## Entries provided
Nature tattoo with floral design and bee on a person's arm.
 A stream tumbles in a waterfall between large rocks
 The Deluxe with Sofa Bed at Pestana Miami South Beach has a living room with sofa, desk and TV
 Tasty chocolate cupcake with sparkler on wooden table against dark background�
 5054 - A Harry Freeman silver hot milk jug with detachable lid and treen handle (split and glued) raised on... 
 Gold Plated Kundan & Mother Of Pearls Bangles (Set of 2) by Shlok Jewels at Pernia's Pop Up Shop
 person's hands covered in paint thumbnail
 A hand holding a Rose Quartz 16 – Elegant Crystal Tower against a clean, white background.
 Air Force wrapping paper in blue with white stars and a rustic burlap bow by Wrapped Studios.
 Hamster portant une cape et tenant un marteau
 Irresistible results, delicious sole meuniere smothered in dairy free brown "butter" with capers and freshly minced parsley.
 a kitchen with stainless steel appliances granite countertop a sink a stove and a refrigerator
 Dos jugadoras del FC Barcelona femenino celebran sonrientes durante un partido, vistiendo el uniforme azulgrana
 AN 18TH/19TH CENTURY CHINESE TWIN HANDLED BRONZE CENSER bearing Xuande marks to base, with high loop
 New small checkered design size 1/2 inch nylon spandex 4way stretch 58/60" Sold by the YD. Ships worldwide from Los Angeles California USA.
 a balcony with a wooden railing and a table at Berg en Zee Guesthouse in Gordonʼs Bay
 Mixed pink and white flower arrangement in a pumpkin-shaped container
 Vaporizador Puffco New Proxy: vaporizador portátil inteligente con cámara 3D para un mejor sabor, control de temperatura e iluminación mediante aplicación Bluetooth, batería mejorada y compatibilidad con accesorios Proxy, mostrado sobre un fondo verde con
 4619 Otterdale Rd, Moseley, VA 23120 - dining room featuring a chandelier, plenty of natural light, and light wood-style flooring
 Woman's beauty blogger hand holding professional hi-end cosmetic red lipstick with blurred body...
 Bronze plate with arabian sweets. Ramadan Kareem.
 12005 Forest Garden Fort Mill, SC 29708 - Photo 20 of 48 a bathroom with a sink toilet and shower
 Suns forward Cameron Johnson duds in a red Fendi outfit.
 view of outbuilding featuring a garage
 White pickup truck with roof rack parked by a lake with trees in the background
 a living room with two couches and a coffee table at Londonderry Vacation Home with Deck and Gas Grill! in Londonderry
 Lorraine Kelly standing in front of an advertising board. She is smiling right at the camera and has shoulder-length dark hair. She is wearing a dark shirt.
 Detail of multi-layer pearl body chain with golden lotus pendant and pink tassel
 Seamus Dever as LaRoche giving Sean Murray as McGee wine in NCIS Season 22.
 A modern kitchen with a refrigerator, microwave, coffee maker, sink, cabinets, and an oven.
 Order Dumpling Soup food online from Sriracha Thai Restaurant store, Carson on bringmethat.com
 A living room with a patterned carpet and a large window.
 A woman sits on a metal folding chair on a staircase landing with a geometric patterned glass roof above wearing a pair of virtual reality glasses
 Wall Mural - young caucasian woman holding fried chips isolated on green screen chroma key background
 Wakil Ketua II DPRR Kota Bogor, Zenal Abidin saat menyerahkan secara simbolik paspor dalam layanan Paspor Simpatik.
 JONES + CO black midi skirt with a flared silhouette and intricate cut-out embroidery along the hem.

## What is needed
The lines to return run from the one containing "Wall Mural - young" through the last line of the material above. Please reproduce them exactly.

## Solution to this problem
 Wall Mural - young caucasian woman holding fried chips isolated on green screen chroma key background
 Wakil Ketua II DPRR Kota Bogor, Zenal Abidin saat menyerahkan secara simbolik paspor dalam layanan Paspor Simpatik.
 JONES + CO black midi skirt with a flared silhouette and intricate cut-out embroidery along the hem.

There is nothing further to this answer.